§ **The data**
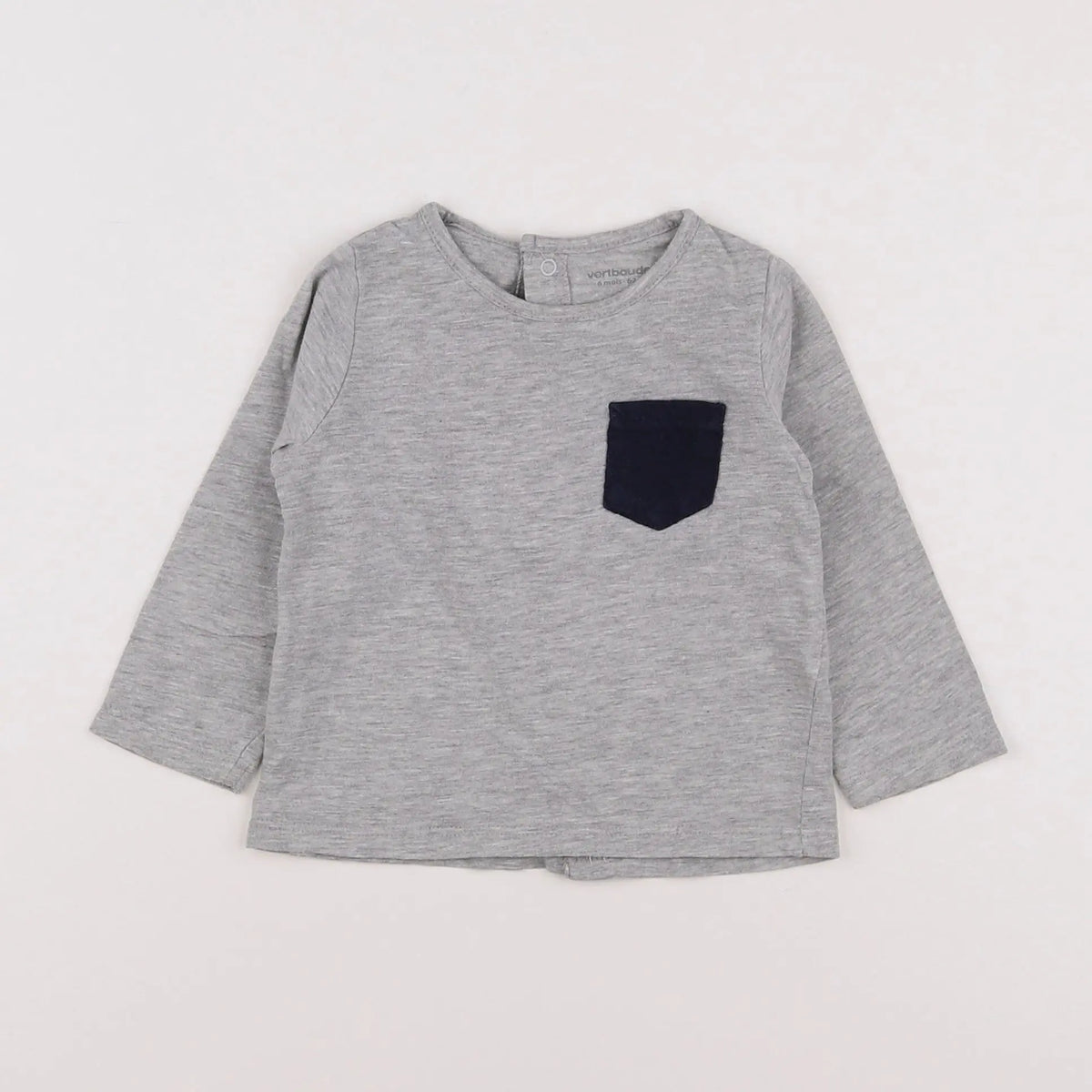 Vertbaudet - tee-shirt gris - 6 mois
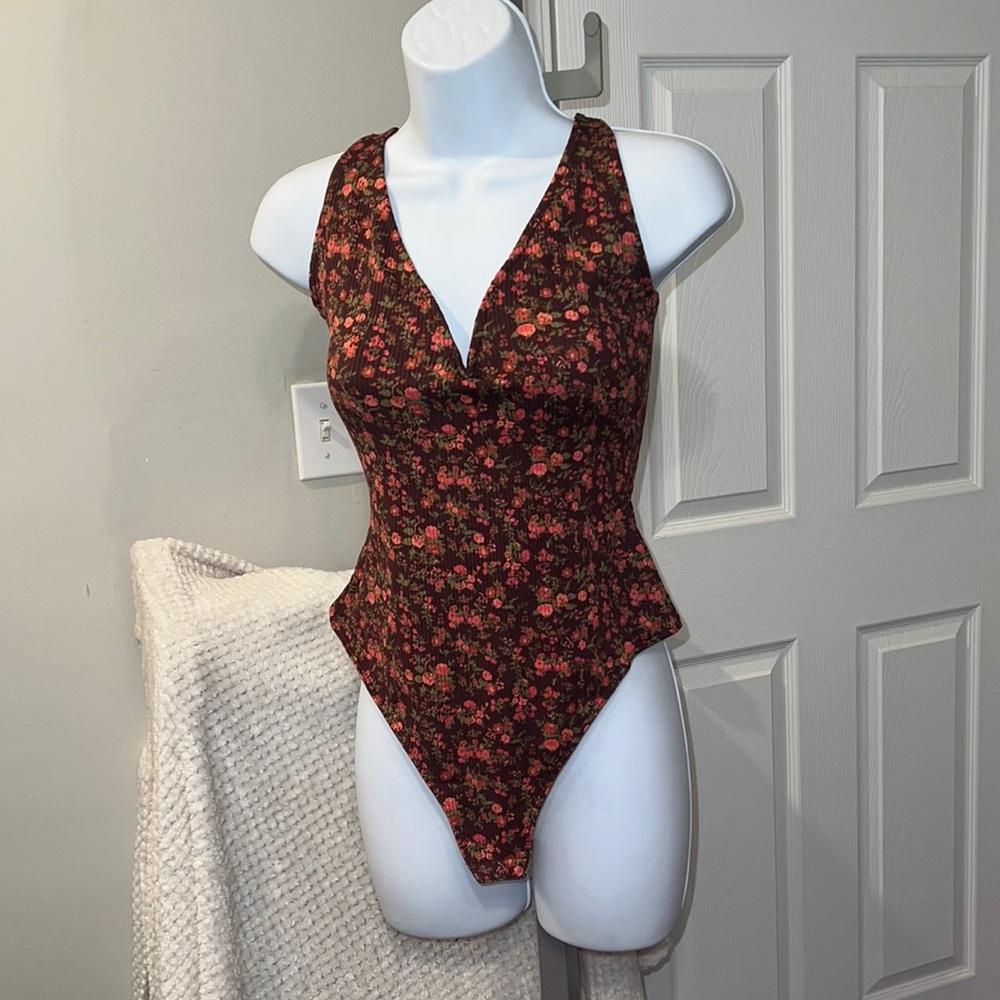 NWT Free People chocolate floral  halter top w. snap crotch, bodysuit, sz small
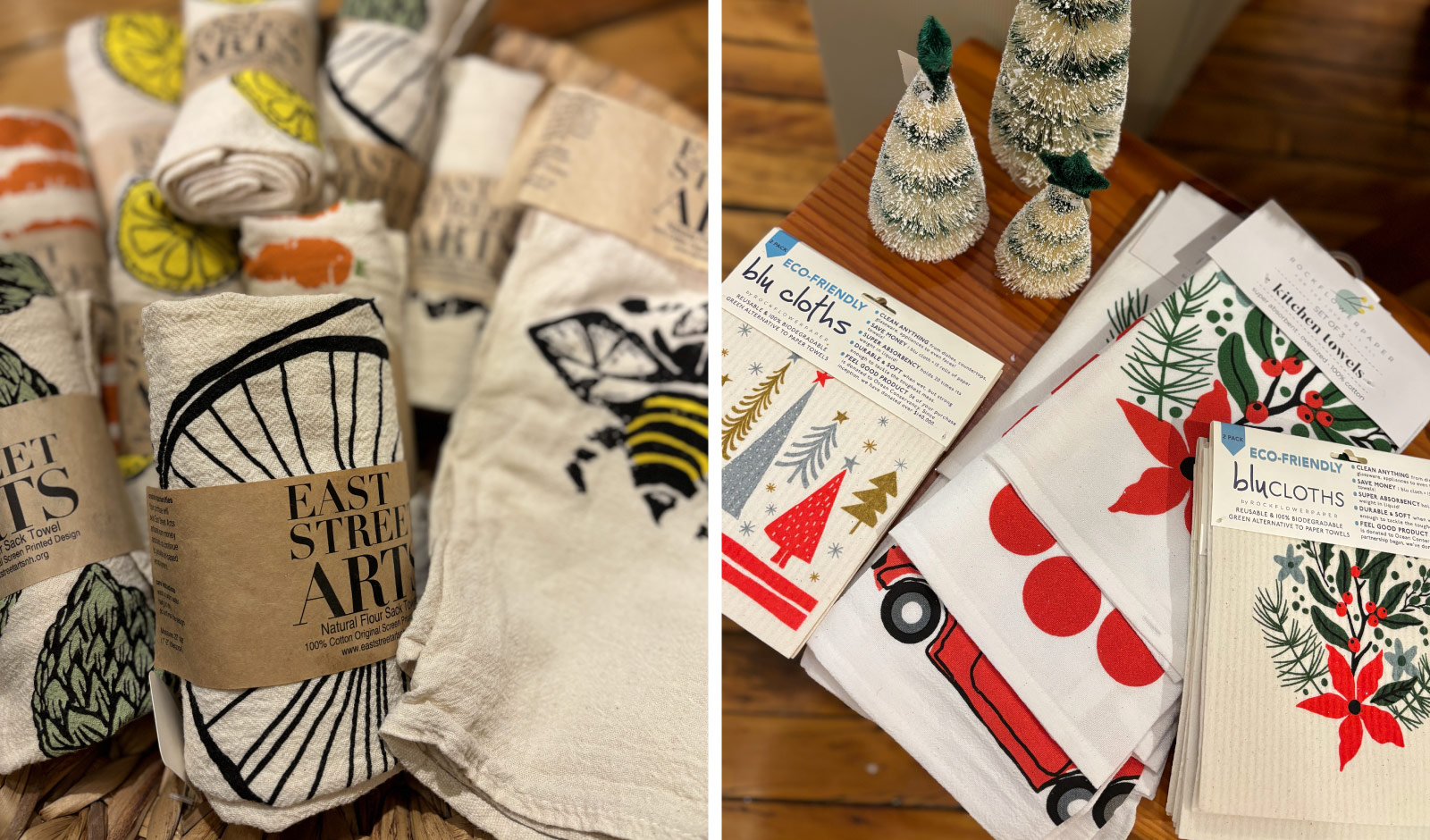 Hand screen printed kitchen towels | Dishtowels and reusable cloths in festive prints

§ **Task details**
The whole listing is to be retyped exactly, with its pictures removed.

§ **Response to this task**
 Vertbaudet - tee-shirt gris - 6 mois
 NWT Free People chocolate floral  halter top w. snap crotch, bodysuit, sz small
 Hand screen printed kitchen towels | Dishtowels and reusable cloths in festive prints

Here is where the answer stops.